Task details: Each line of the listing below must be retyped exactly, with images left out.

The data:
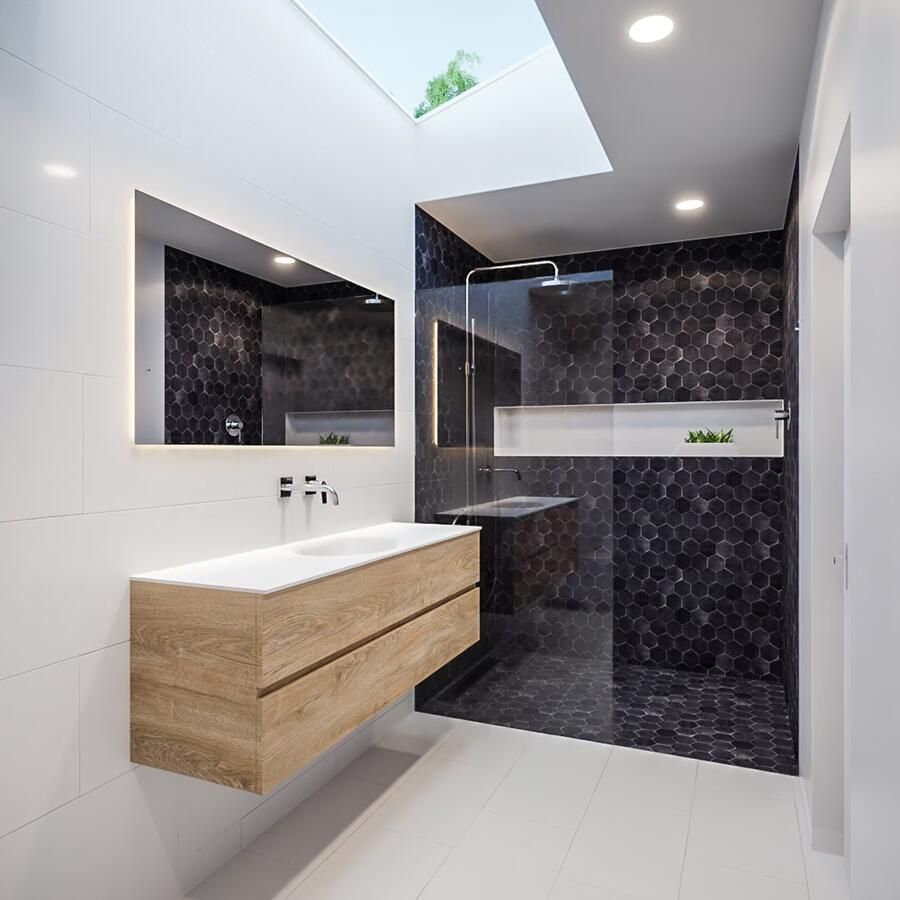 Mondiaz VICA Badkamermeubelset 150cm 2 lades wasbak Moon midden 0 kraangaten solid surface washed oak PC75341208 - Foto 1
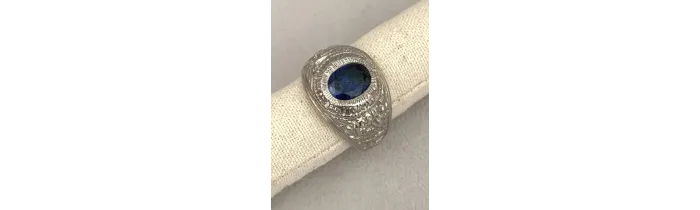 Chevalière US Américaine En Argent 925/000 Pierre Bleu Saphir Tailles 52 à 72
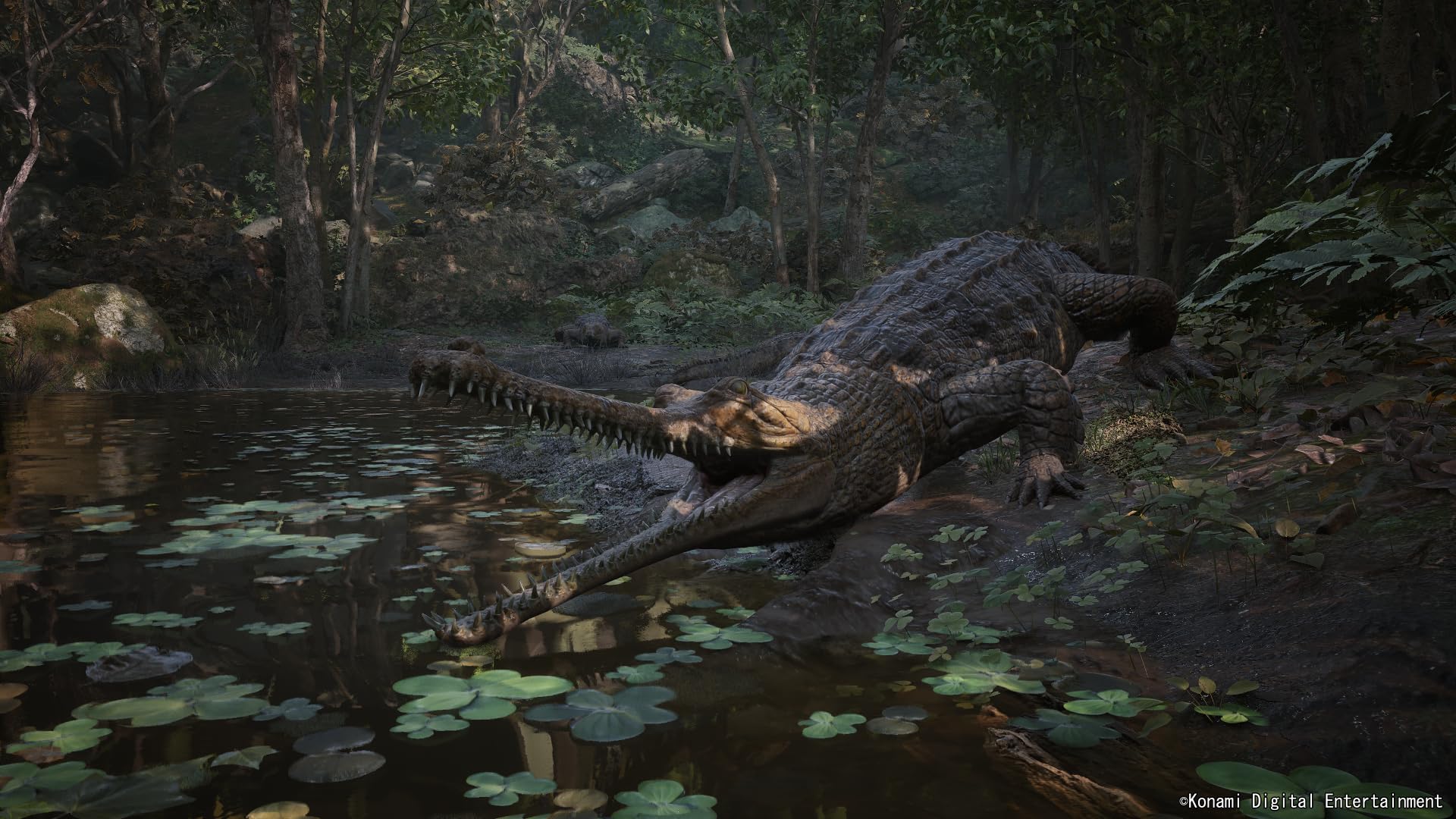 Metal Gear Solid Delta Snake Eater Xbox Series X featuring a realistic crocodile in a jungle pond with dense foliage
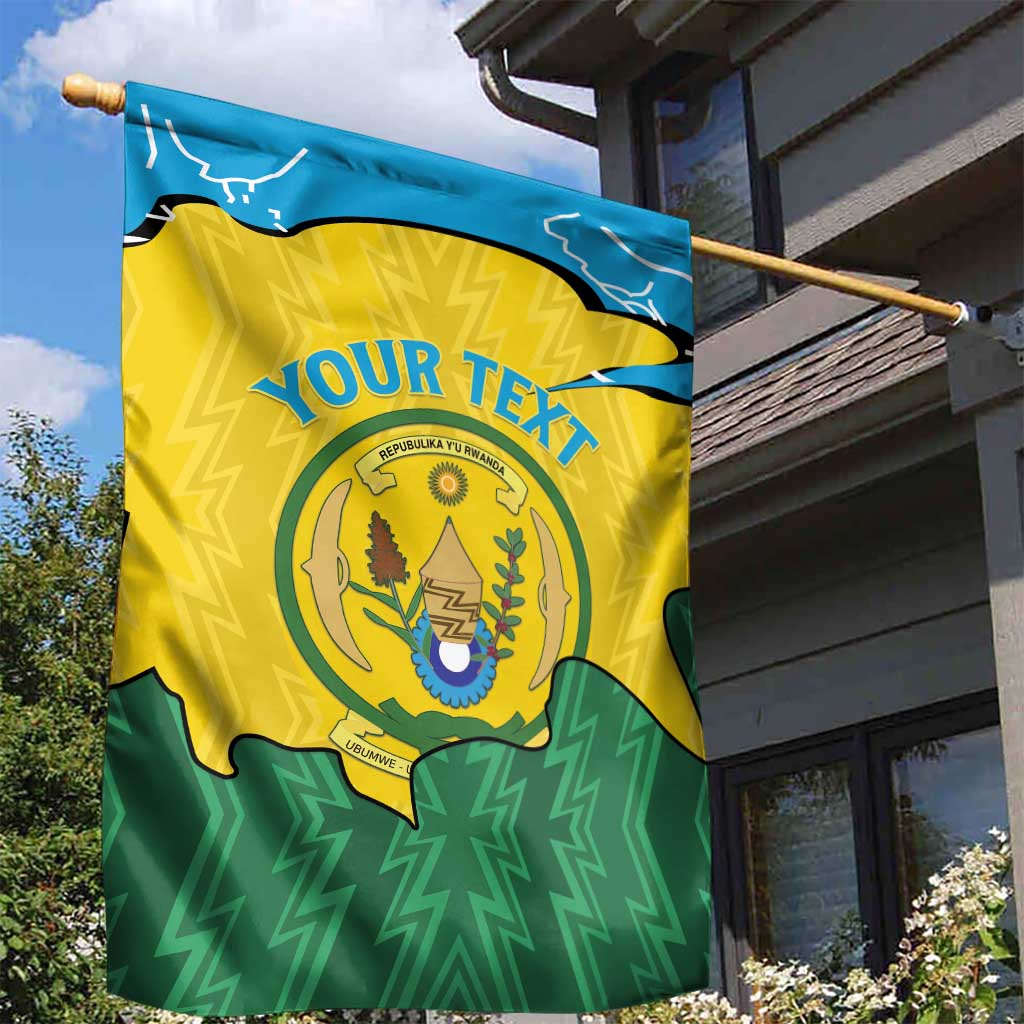 Personalized Jamhuri ya Rwanda Garden Flag Coat Of Arms Imigongo Pattern LT15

Task output:
 Mondiaz VICA Badkamermeubelset 150cm 2 lades wasbak Moon midden 0 kraangaten solid surface washed oak PC75341208 - Foto 1
 Chevalière US Américaine En Argent 925/000 Pierre Bleu Saphir Tailles 52 à 72
 Metal Gear Solid Delta Snake Eater Xbox Series X featuring a realistic crocodile in a jungle pond with dense foliage
 Personalized Jamhuri ya Rwanda Garden Flag Coat Of Arms Imigongo Pattern LT15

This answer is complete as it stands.